Your response is a verbatim copy of the listing, stripped of its images.

> INFORMATION SUPPLIED:
====
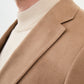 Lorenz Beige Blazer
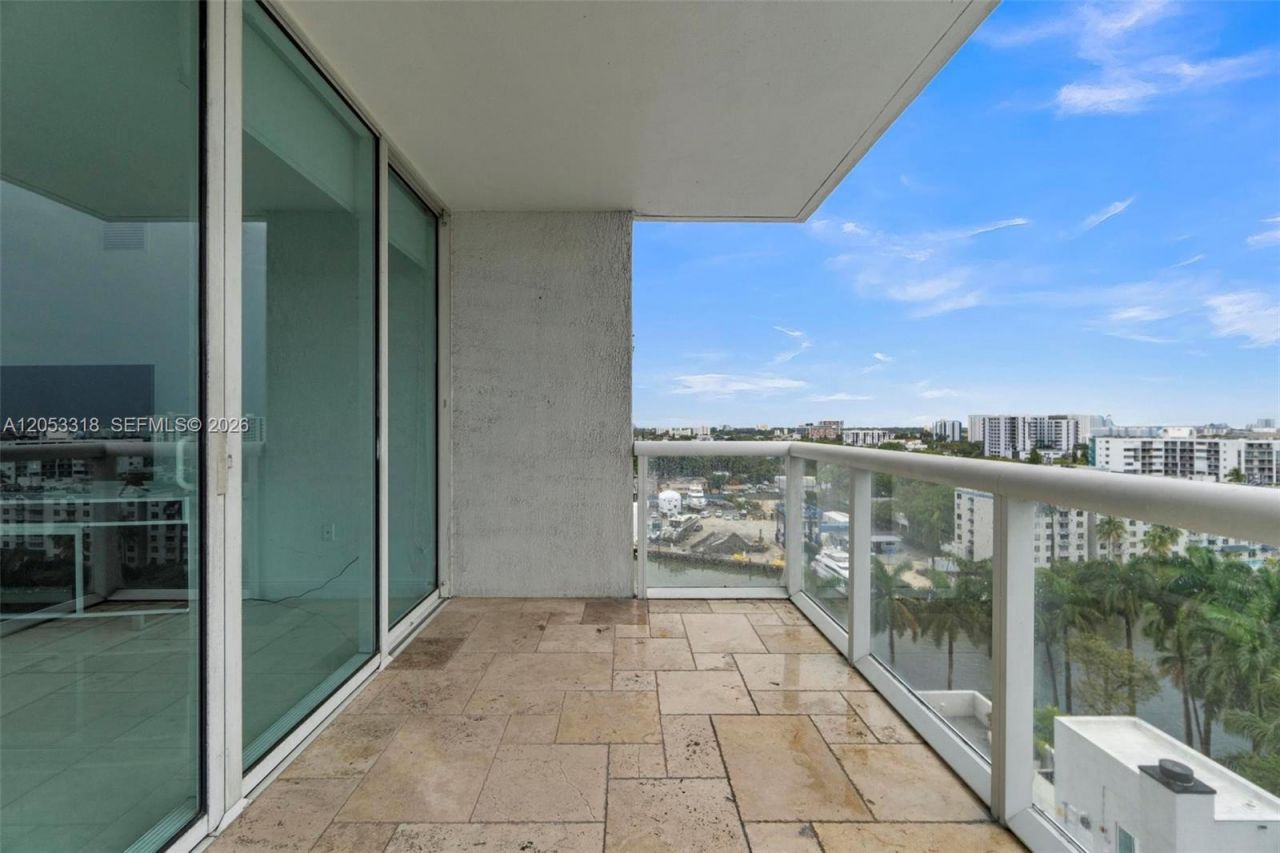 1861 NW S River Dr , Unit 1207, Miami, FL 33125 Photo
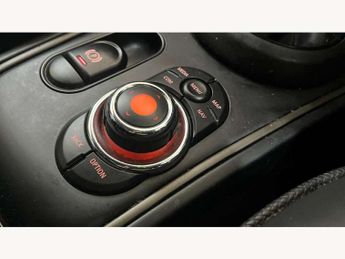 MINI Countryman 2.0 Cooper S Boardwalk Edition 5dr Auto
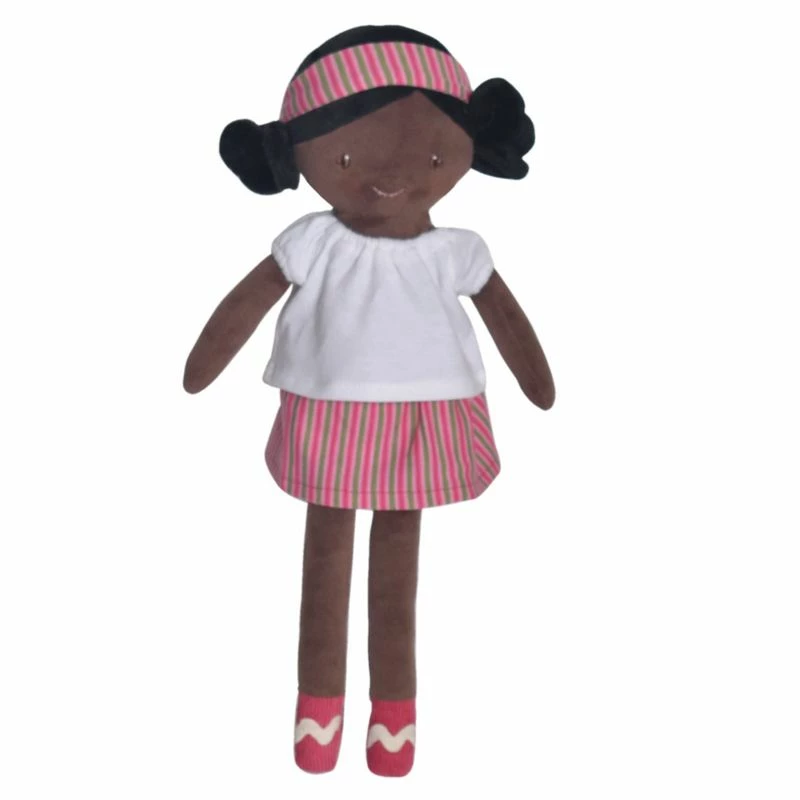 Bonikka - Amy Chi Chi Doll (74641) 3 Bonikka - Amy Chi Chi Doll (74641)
====
> ANSWER TO THE EXERCISE:
 Lorenz Beige Blazer
 1861 NW S River Dr , Unit 1207, Miami, FL 33125 Photo
 MINI Countryman 2.0 Cooper S Boardwalk Edition 5dr Auto
 Bonikka - Amy Chi Chi Doll (74641) 3 Bonikka - Amy Chi Chi Doll (74641)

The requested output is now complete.